Islam Web

  1. Ramadan
  2. Islām im Überblick

Enthaltsamkeit und Kultivierung der Erde – Teil 2

Enthaltsamkeit und Kultivierung der Erde – Teil 2

 Zuhd und die Bebauung der Erde:

Ein einseitiges Verständnis von Zuhd, das zur vollständigen Verneinung irdischen Besitzes und weltlicher Angelegenheiten auffordert und sich auf Texte stützt, die die Welt ablehnen und Reichtum verurteilen, hat maßgeblich zum zivilisatorischen Rückstand der Umma in einer Zeit des globalen Fortschritts beigetragen. Diese Interpretation führt zu einer passiven Haltung gegenüber weltlichen Angelegenheiten und stiftet künstliche Widersprüche innerhalb der scharîatischen Texte.

Tatsächlich steht Zuhd in keinem Widerspruch zum Ziel, die Erde zu bebauen. Der Qurân verknüpft die Anbetung Allâhs untrennbar mit der Kultivierung der Welt. So heißt es beispielsweise: „Dient Allâh! Keinen Gott habt ihr außer Ihm“ (Sûra 7:59). „So geht auf ihrem Rücken einher und esst von dem, womit Er (euch) versorgt“ (Sûra 67:15). „Wenn das Gebet beendet ist, dann breitet euch im Land aus und trachtet nach etwas von Allâhs Huld. Und gedenkt Allâhs viel, auf dass es euch wohl ergehen möge!“ (Sûra 62:10). „Er hat euch aus der Erde entstehen lassen und sie euch zu besiedeln gegeben“ (Sûra 11:61). Es ist unbestreitbar, dass das Prinzip der Anbetung und des Zuhd nicht im Widerspruch zum Streben nach einem geregelten Leben und der Erkundung der Welt steht. Zuhd ist eine innere Haltung, die den Gläubigen davon abhält, sich materiellen Gütern zu sehr zuzuwenden und sich auf das eigene Vermögen zu verlassen. Stattdessen sollte Reichtum als Mittel zum Zweck dienen, um Gutes zu tun und Nutzen zu stiften.

Der Islâm gebietet seinen Anhängern ein aktives und engagiertes Leben. Die gelebte Sunna des Propheten (möge Allâh ihn in Ehren halten und ihm Wohlergehen schenken) ist ein Beispiel dafür. Er förderte den Aufbau des Staates und vernachlässigte dabei nicht die Finanzen und deren Vermehrung, um die Wahrheit und ihre Anhänger zu unterstützen. Auf der Grundlage von Zusammenarbeit, gegenseitiger Unterstützung und guter Beratung baute er die Gesellschaft auf. Er führte die Armeen, lehrte die Gläubigen, reformierte und kämpfte – unermüdlich bis zu seinem letzten Atemzug. Ein Vorbild in Frömmigkeit, Enthaltsamkeit und Wissen; Wissen über Allâh und die Wahrheiten der Welt und des Jenseits. Und doch weichen manche von seiner Sunna ab. Was ist Zuhd anderes als sein Weg? Was ist der Islâm anderes als seine Lehre? Sie wählen aus seiner Sunna manches aus, verwerfen aber anderes.

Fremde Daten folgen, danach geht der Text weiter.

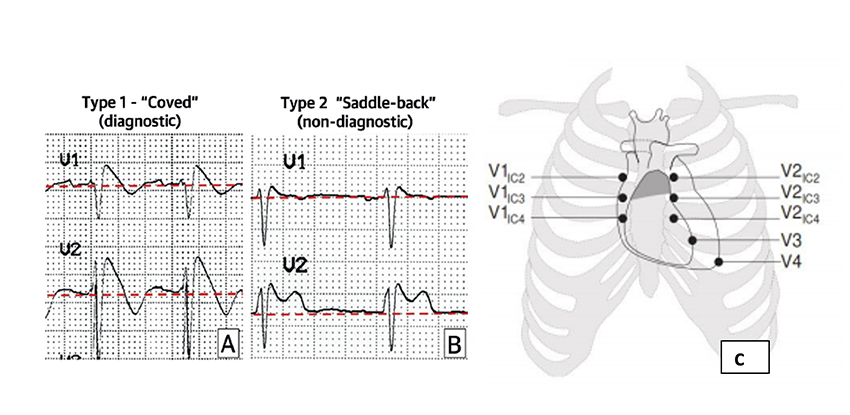 ecg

Eine weltliche Arbeit wird zu einer Arbeit für das Jenseits, wenn das Irdische dem Jenseitigen untergeordnet wird. Das Streben auf Erden, begleitet von der Absicht, die Erde zu bebauen und in Übereinstimmung mit dem Willen Allâhs, ist der Schlüssel, der gewöhnliche weltliche Handlungen in gottesdienstliche Handlungen für das Jenseits verwandelt und den Aufbau der Zivilisation zu einem Projekt für das Jenseits macht. Dies ist einer der Gründe für den Aufstieg des Islâm in der Welt. Die Anbetung und die Kultivierung der Erde sind miteinander verbunden und ergänzen sich gegenseitig. Aus dieser Symbiose erwuchs eine islâmische Zivilisation, die die Würde des Menschen in den Mittelpunkt stellte und sein Leben nach göttlichen Lehren ausrichtete.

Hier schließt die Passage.